Esas No: 2019/1231
Karar No: 2022/14703
Karar Tarihi: 20.09.2022
Yargıtay 11. Ceza Dairesi 2019/1231 Esas 2022/14703 Karar Sayılı İlamı
11. Ceza Dairesi 2019/1231 E. , 2022/14703 K."İçtihat Metni"
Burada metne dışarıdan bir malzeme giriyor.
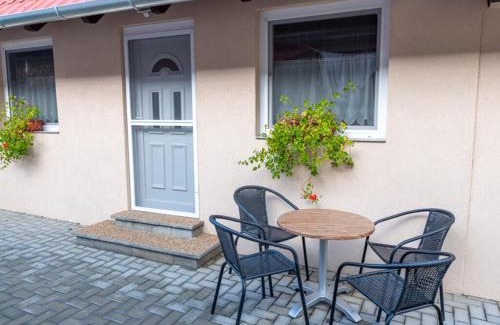Sarmellek Apartment | Biró Vendégház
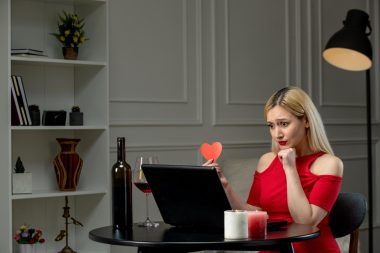 Cum să folosești aplicațiile de dating într-o manieră sănătoasă și echilibrată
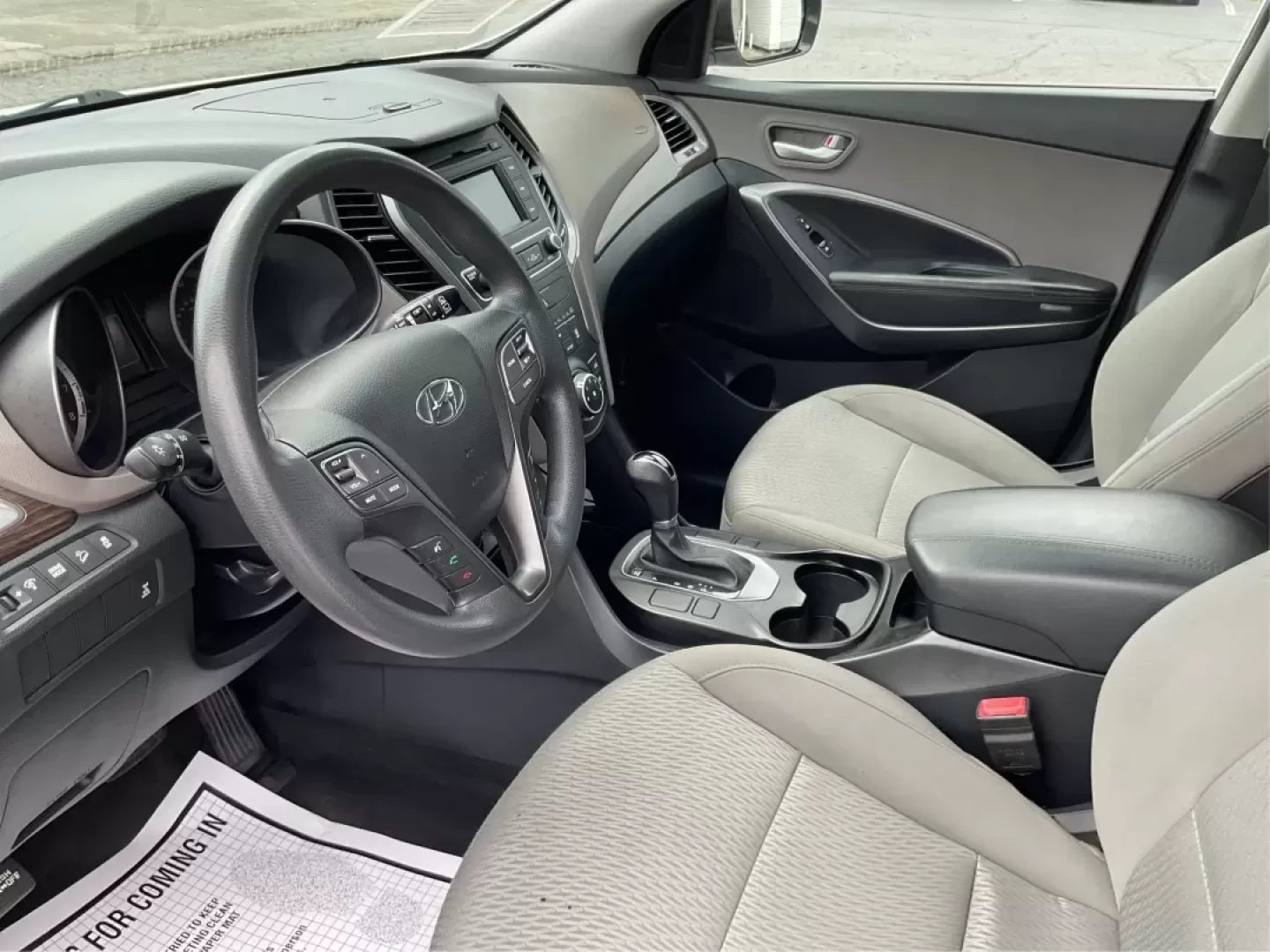 2017 Hyundai Santa Fe 2.4L (5NMZTDLB4HH) with an Theta II 2.4L I-4 gasoline direct injection engine, located at 1230 East Main St, Xenia, OH, 45385, (937) 908-9800, 39.688026, -83.910172 - **Discover Your Next Adventure with the 2017 Hyundai Santa Fe Sport at Advantage Car and Credit!**<br /> <br /> Are you ready to elevate your lifestyle and embrace the adventures waiting for you? Whether you're a growing family in need of space, a daily commuter looking for comfort, or an outdoor en - Photo#9
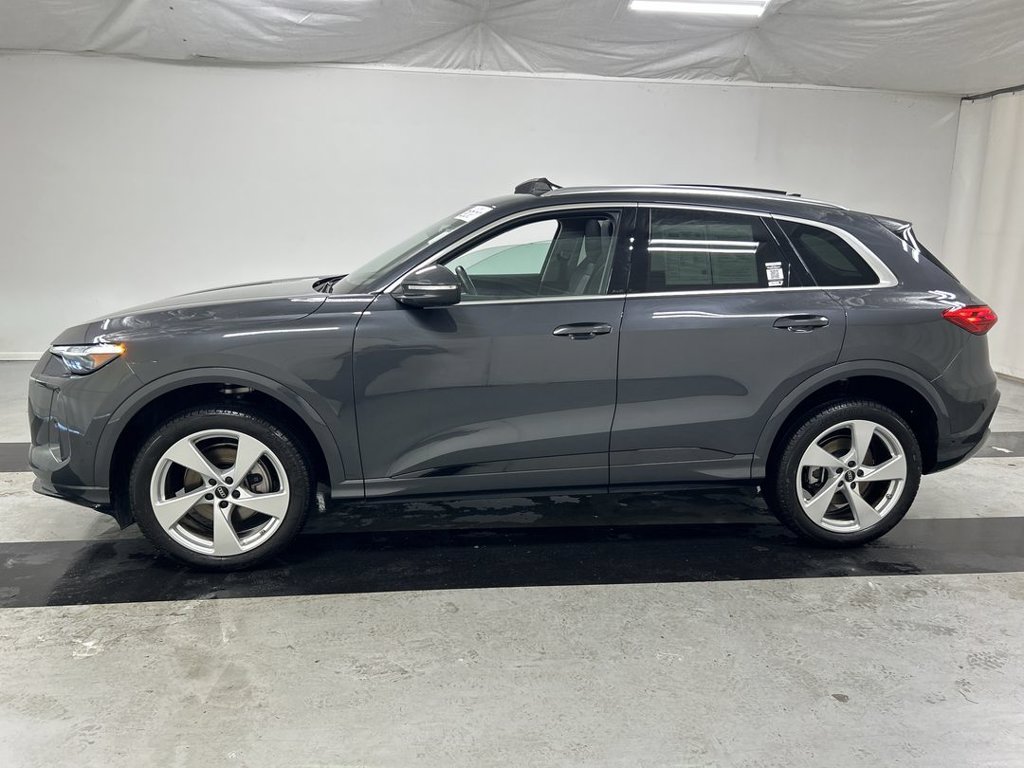 Used 2025 Audi Q5 Premium Plus w/ Premium Plus AWD/4WD image 6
AHKEMESİ :Asliye Ceza Mahkemesi
A) Resmi belgede sahtecilik suçundan verilen mahkûmiyet hükmüne yönelik sanık ve müdafisinin temyizlerinin incelenmesinde;
5237 sayılı TCK’nin 53. maddesinin uygulanmasında, Anayasa Mahkemesinin 08.10.2015 tarihli, 2014/140 Esas ve 2015/85 Karar sayılı iptal kararının ve hükmolunan cezadan TCK'nin 63. maddesi uyarınca gözaltında ve tutuklulukta geçen sürelerin mahsubuna karar verilmemiş olmasının infaz aşamasında gözetilmesi mümkün görülmüştür.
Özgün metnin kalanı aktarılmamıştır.